A place called Jaguar Tours rented us surf boards, boogie boards and snorkel gear. They took a troupe of us deep into the jungle for a popular zip-line excursion through the subtropical forest.

"I've never had a vacation for this long where I had nothing to do," says Todd, an executive for Ford Motor Credit. He's more used to large-group company trips where he was the tour director. Here he slept in every day, finished two books, and never looked happier.

My wife, Lee, however, said it best. "There are moments here," she gushed, "that are just so sweet you want to cry."

We had rocky coastline, with tidepools and sea creatures. Fifty yards south was an endless stretch of white sandy beach, perfect for boogie-boarding and surfing, if you can call our feeble attempts at standing up on a longboard surfing. A 20-minute walk north deposited you at the point of Manzanillo Bay, with a couple of small beaches along the way.

The days were hot, the nights balmy and perfect. Shorts and loose-fitting shirts were the uniform of the day. We celebrated a low-key Christmas morning with body-surfing. New Year's Eve found us at a small hotel on Manzanillo Bay for a wild-hats-only party.

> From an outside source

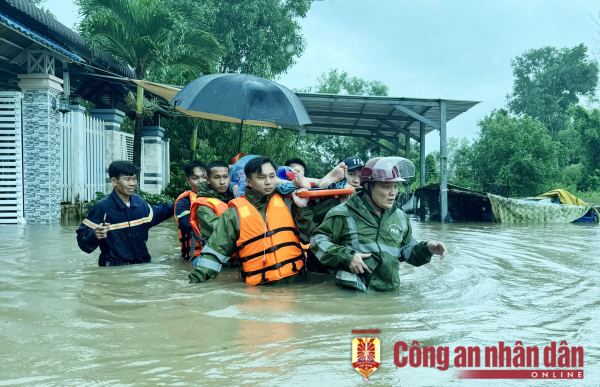 Công an TP Phú Quốc giúp người dân trong mưa lớn, ngập sâu -0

In the evenings, we were magically drawn to the edge of the water, to sit, drams of Don Julio tequila in hand, as the sun burned the sky toward darkness. At night, the waves crashed with a fearsome, concussive fury. It was strangely relaxing, to lie awake listening for the next boomer to fall.

We did make side trips to Zihuatanejo, for grocery shopping, and an evening stroll through Centro and its lively shops and restaurants. We also let the teens test the waters of Senor Frog's disco in Ixtapa. But we generally couldn't drag ourselves too far away from our little paradise. There was really no reason to stray far from our beach.

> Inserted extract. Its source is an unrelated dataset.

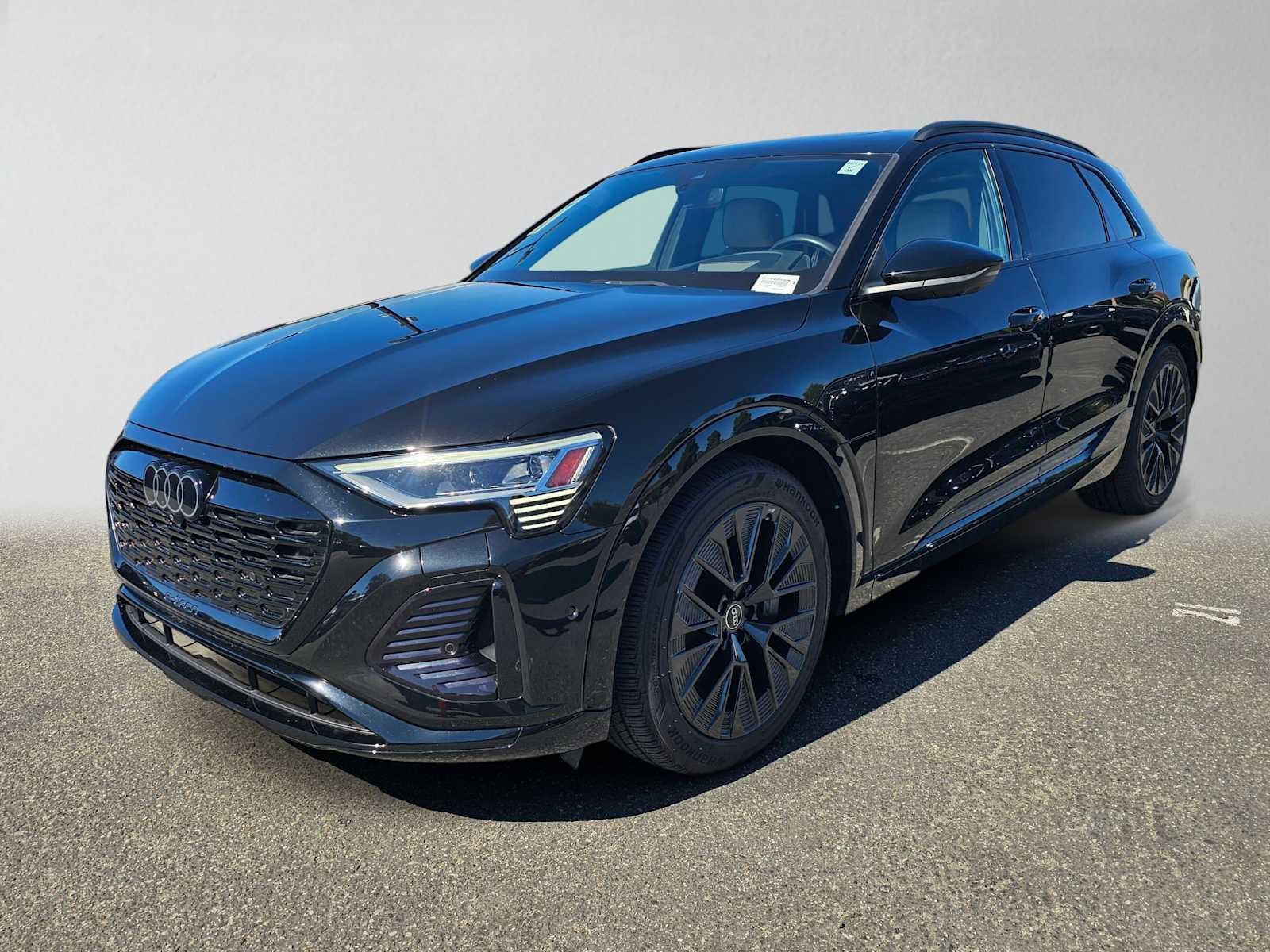 2024 Audi Q8 e-tron Prestige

We met Greg Mrazchek, a Seattle resident, who owns Casa Gregorio, down the beach toward town proper. A former Midwesterner, he snatched up property in 1999, after enduring a timeshare ownership in Ixtapa. An acquaintance in Mexico "talked about a place where everybody takes their dates," he says, referring to Troncones. "He said to come on down. I saw the beach. I put down earnest money the next day."

Mrazchek built two small comfortable two-bedroom homes that share a pool. He recently added several bungalows. He does the bulk of his renting November through the middle of May, with a bustling business in June and July for renters from Mexico City and Guadalara. "Now is a good time to book," he says of the spring season. "Now is the time to start looking for Christmas, and a little bit later for Thanksgiving."

We can feel the stress building in 2003. The world is crazy these days. Our lives are crazy. We can hear Troncones calling.